The listing is to be returned word for word, without its images.

BEGIN EXTRACTED INFORMATION

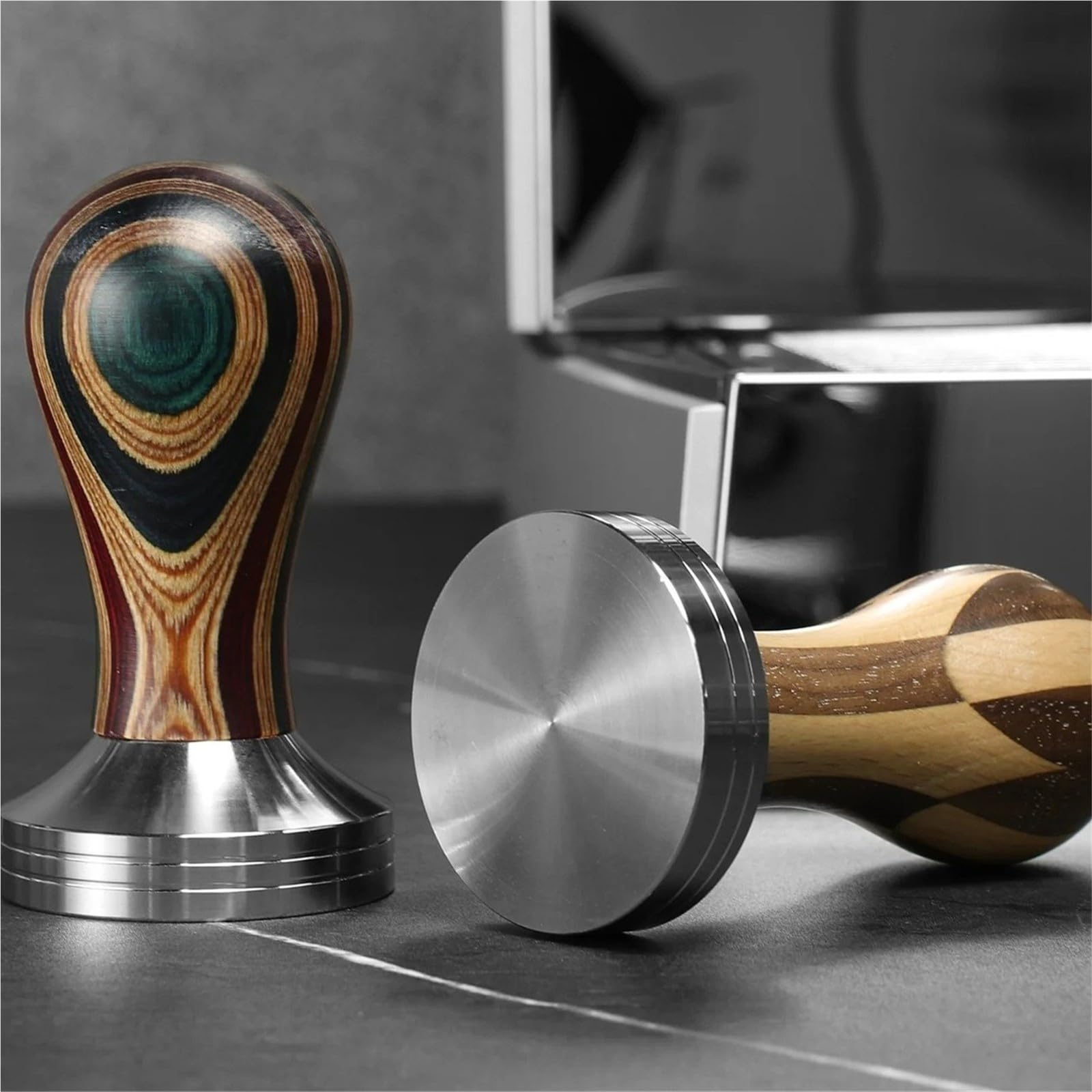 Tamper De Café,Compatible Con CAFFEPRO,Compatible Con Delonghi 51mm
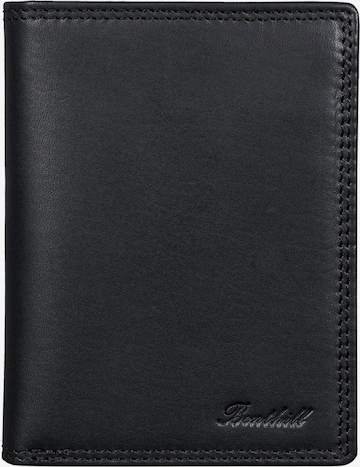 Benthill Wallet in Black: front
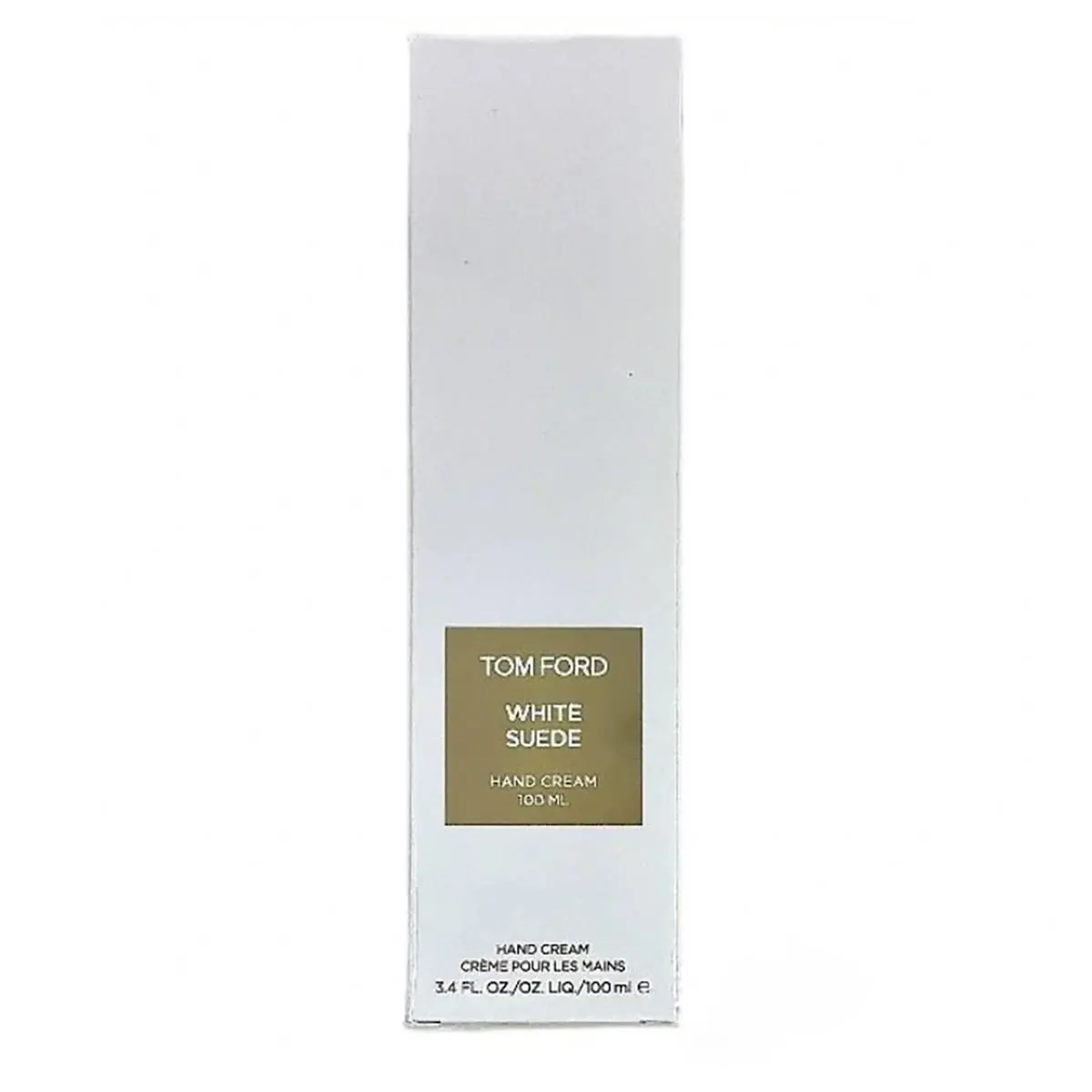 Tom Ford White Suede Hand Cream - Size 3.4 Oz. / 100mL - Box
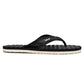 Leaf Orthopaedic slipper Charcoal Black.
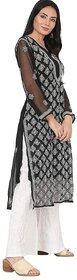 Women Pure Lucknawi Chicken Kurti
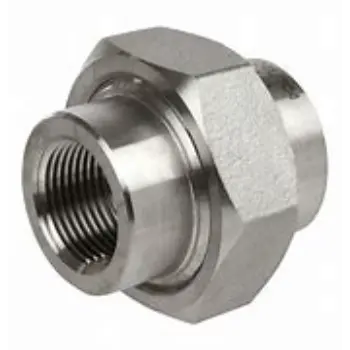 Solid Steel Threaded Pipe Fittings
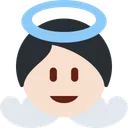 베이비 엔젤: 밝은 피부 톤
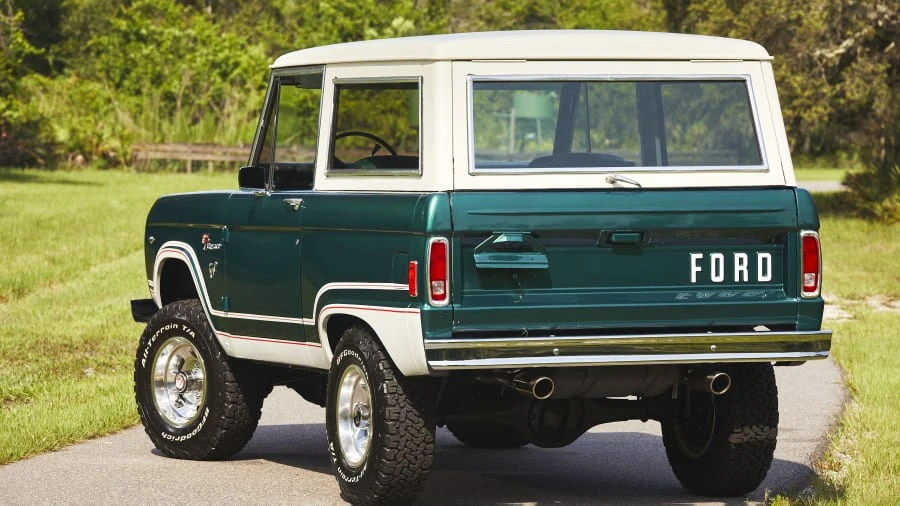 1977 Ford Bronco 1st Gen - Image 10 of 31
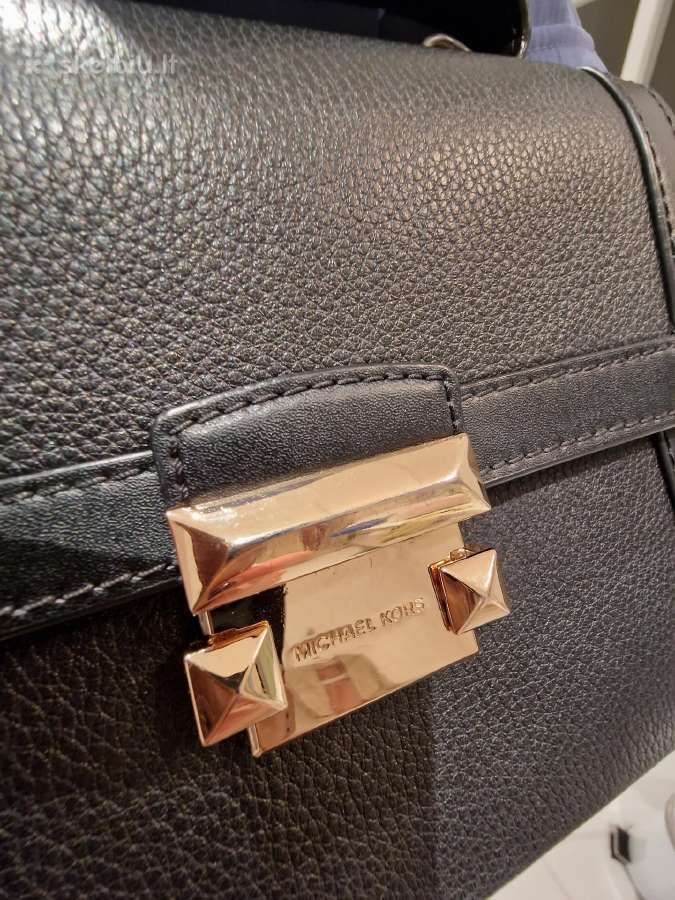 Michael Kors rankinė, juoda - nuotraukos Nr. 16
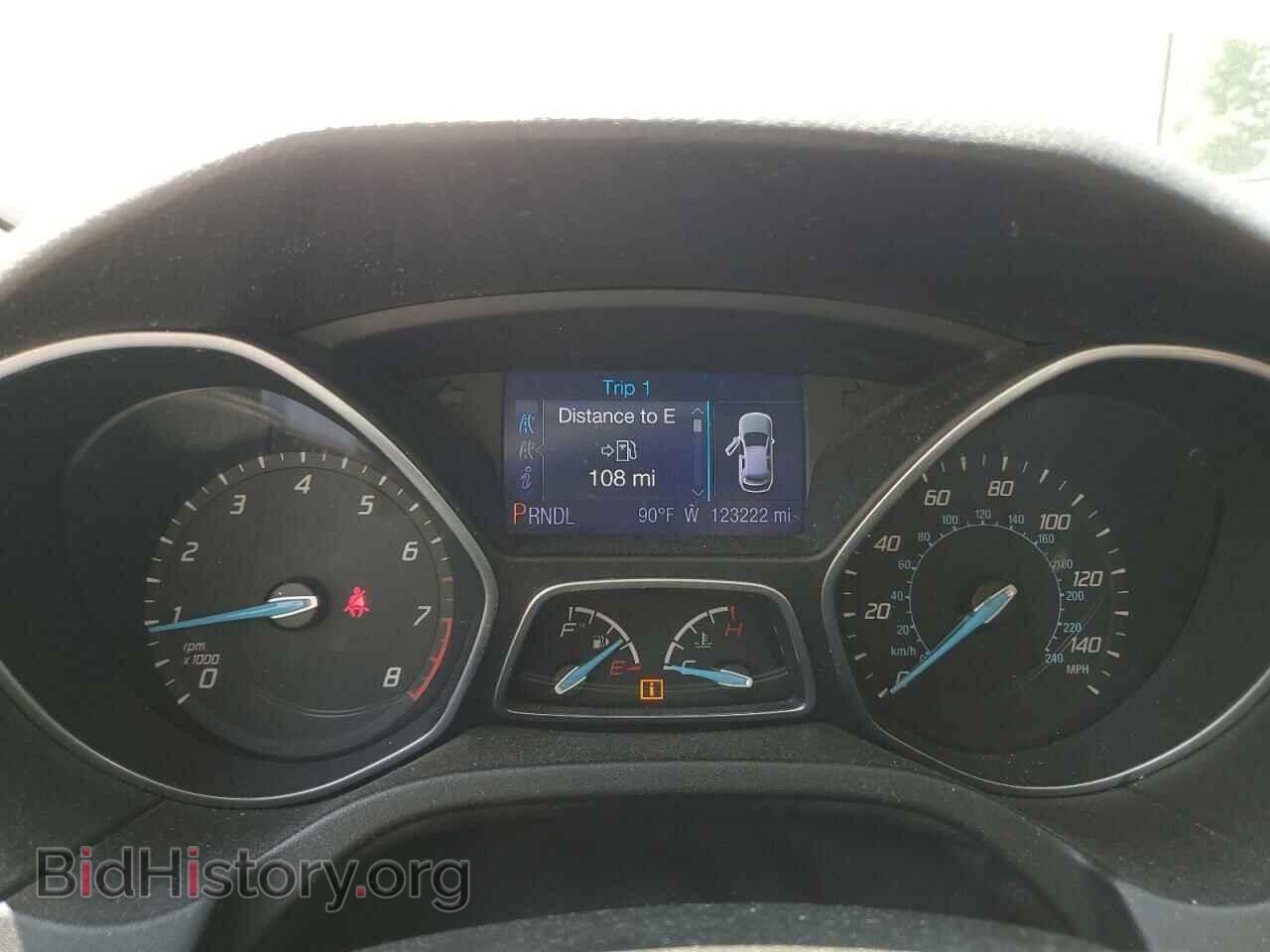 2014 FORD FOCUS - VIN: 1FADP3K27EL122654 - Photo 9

END EXTRACTED INFORMATION

SOLUTION TO THIS TASK
 Tamper De Café,Compatible Con CAFFEPRO,Compatible Con Delonghi 51mm
 Benthill Wallet in Black: front
 Tom Ford White Suede Hand Cream - Size 3.4 Oz. / 100mL - Box
 Leaf Orthopaedic slipper Charcoal Black.
 Women Pure Lucknawi Chicken Kurti
 Solid Steel Threaded Pipe Fittings
 베이비 엔젤: 밝은 피부 톤
 1977 Ford Bronco 1st Gen - Image 10 of 31
 Michael Kors rankinė, juoda - nuotraukos Nr. 16
 2014 FORD FOCUS - VIN: 1FADP3K27EL122654 - Photo 9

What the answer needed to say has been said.